14. ネガティブ里美

「すごいな、叔父さん。歌まで歌えるなんて、ハイスペックだね」

 僕の一言に、しかし叔父さんは一瞬だが、顔を顰めた。


「ハイスペックねえ。そんなんじゃねえよ。たまたまカラオケでよく歌う歌だったから、歌いやすかっただけだ」

 否定はしていたが、きっと叔父さんは楽しかったのだろう。

 そして、それは「里美さんが」一緒だからで、叔父さん一人で歌っても、盛り上がるはずもないし、楽しくもなかっただろう。

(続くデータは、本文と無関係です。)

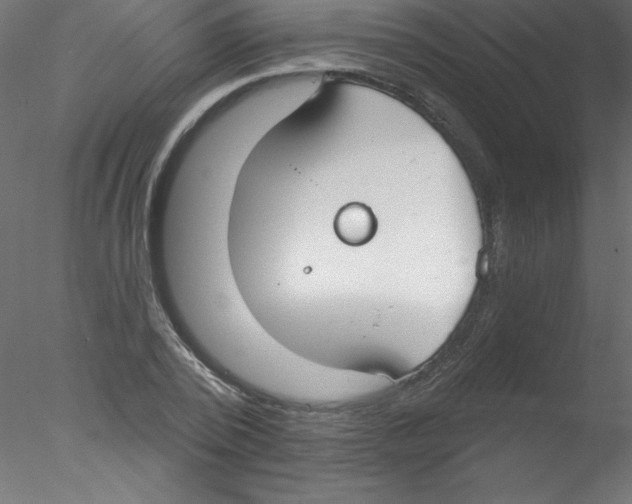 X0000076400784200611031720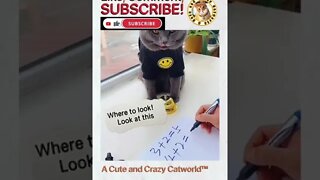 This Cat Is a Mathematics Prodigy! (#231)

 人生の不思議さを感じると共に、僕は叔父さんと里美さんのことをもっと知りたくなっていた。


 だが、やはり今回も時間切れだった。


「もう帰れ」

 夜遅い時間になり、追い立てられるように僕は叔父さんの家を出た。


 そして、その次が僕が叔父さんからこの話を聞く、最後の機会になるのだった。


 

 1週間後の8月29日(土)。またも、叔父さんが休みの日を狙って、僕は柏市に出かけた。今回は父や母ではなく、苦手な美桜という姉から預かった土産を持参していた。千葉県産の、ピーナッツだった。


 ピーナッツといえば、千葉県では有名なのだが、実は最近は安い中国産が多い。つまり、このピーナッツはある意味、高級品でもあった。姉の美桜はOLをしているが、そんなに儲かっているとは思えないのに、不思議だった。


 ただ、酒を飲むことが多いだろう叔父さんには、恐らく「酒の肴」にちょうどいいと思ったのだろう。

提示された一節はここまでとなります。